For the entries below, state how many lines contain the word "wall" and add nothing else.

+++

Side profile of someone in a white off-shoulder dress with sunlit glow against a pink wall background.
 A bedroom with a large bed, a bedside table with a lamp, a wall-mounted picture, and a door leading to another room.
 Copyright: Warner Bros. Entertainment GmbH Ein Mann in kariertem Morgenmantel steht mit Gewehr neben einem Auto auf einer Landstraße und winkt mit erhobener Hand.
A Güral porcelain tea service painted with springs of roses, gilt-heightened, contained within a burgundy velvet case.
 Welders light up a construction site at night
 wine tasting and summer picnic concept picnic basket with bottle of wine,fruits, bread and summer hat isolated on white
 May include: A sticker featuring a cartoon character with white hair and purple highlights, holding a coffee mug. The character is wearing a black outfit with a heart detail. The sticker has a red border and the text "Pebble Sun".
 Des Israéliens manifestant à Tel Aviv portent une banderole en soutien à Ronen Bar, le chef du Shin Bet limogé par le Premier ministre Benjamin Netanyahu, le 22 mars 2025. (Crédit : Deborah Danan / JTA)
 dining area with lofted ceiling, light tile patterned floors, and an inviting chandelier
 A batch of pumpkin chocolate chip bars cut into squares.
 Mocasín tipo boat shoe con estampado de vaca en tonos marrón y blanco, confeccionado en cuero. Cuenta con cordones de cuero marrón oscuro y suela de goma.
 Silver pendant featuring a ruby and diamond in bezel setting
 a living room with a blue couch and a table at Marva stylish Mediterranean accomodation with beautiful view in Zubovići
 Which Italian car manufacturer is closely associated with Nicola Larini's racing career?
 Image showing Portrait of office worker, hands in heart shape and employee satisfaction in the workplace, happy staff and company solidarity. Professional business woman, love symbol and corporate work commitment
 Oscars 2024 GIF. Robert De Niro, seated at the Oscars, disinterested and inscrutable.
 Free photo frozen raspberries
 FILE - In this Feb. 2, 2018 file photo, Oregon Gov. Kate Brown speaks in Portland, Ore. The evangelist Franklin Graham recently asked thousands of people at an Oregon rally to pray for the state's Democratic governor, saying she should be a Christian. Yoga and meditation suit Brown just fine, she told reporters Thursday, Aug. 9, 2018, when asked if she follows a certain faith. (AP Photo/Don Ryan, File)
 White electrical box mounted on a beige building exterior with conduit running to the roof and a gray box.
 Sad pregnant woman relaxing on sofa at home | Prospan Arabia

+++

▶ **OUTPUT FOR THIS EXERCISE**
2